Transcribe only the lines in the data below falling between the line with "The Vibrant Grey" and the line with "Two Tone Black And Brown Front Open Abaya", including those two lines, and leave out any picture.

> [Given data]
⟨
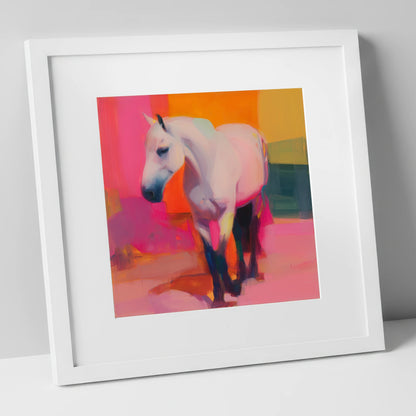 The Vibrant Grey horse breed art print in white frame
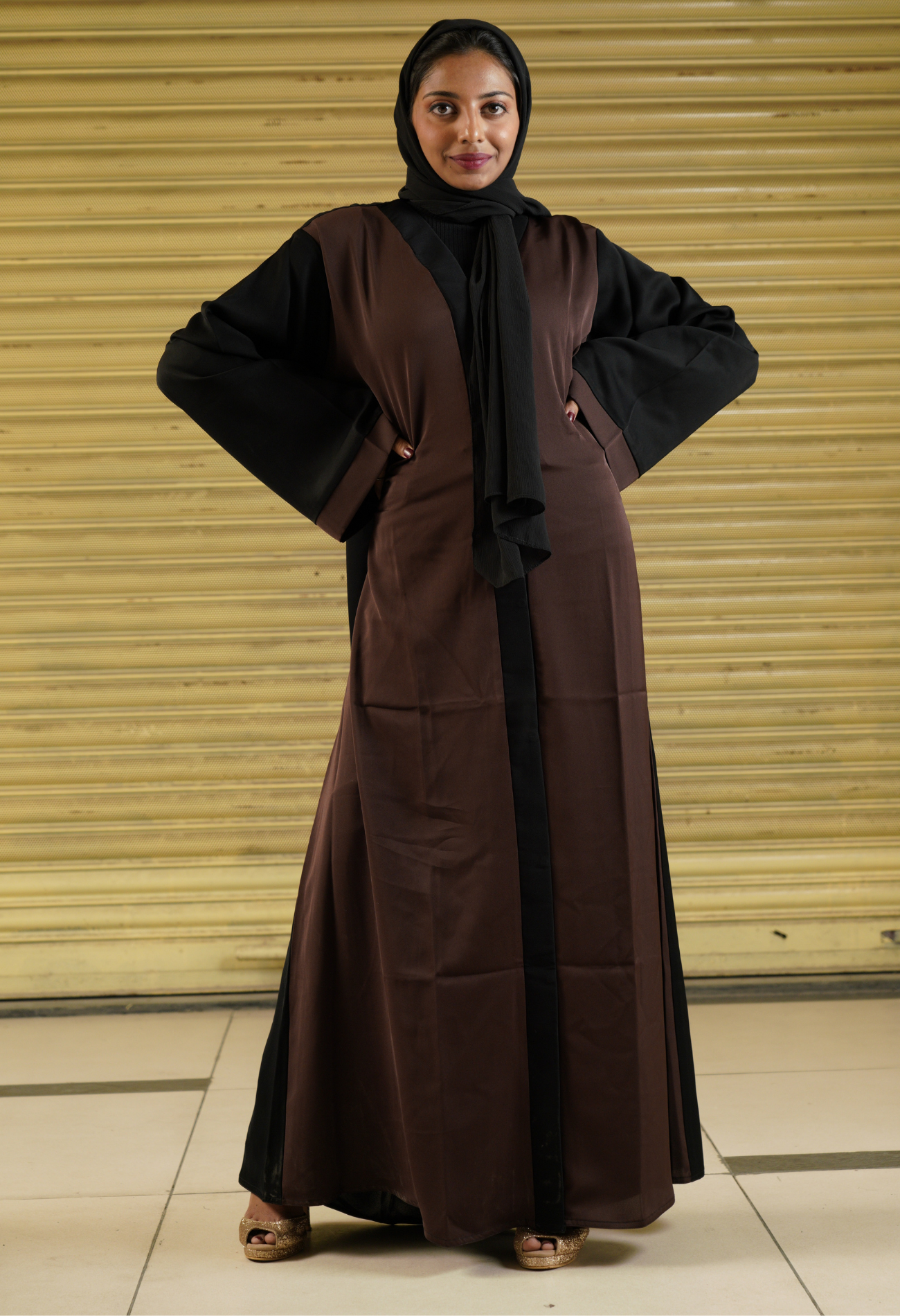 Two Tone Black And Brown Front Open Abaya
⟩
⟨
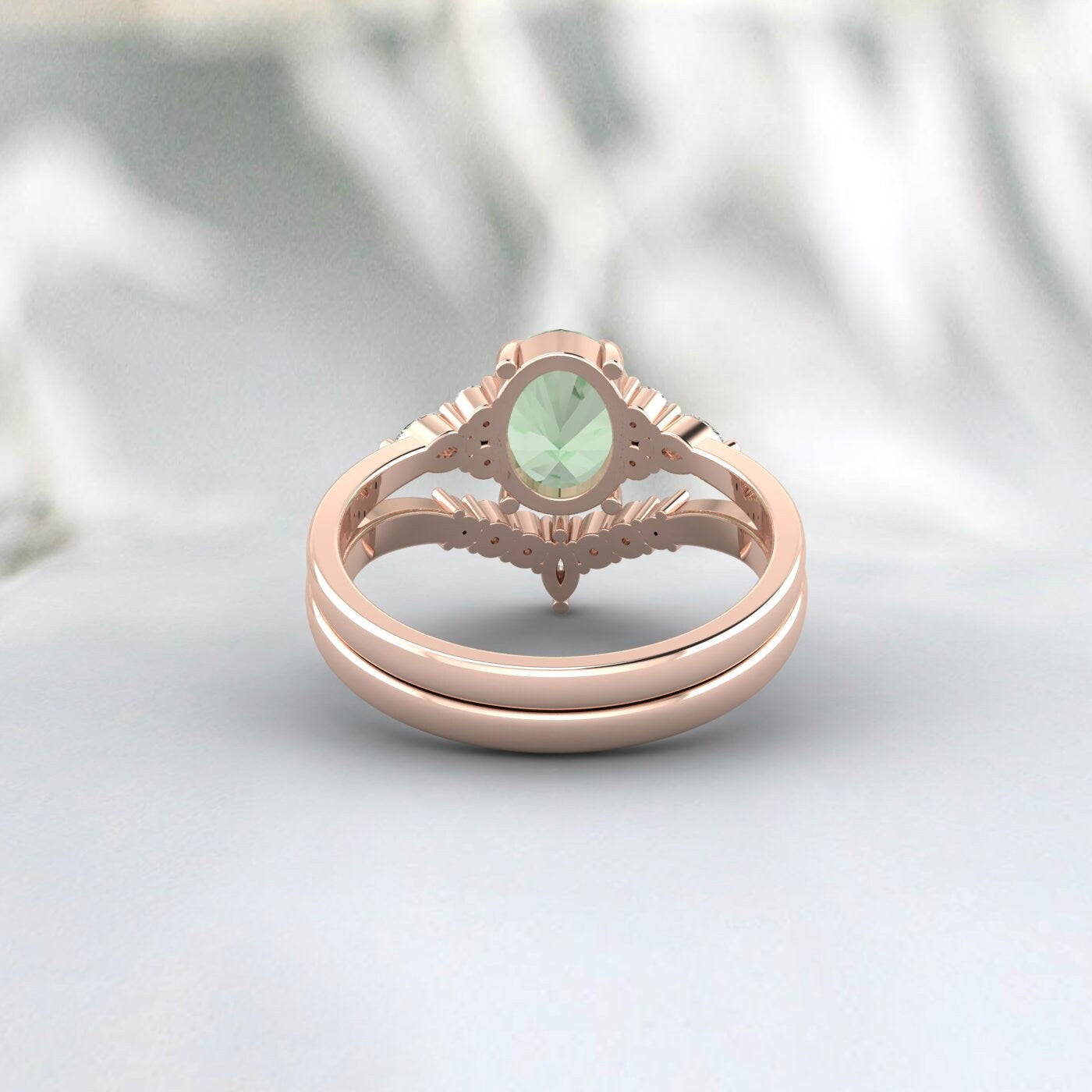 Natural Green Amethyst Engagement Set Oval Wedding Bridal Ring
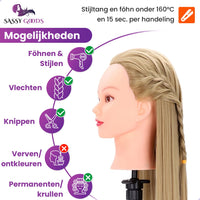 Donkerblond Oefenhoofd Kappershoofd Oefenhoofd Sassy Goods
⟩
> [Task result]
 The Vibrant Grey horse breed art print in white frame
 Two Tone Black And Brown Front Open Abaya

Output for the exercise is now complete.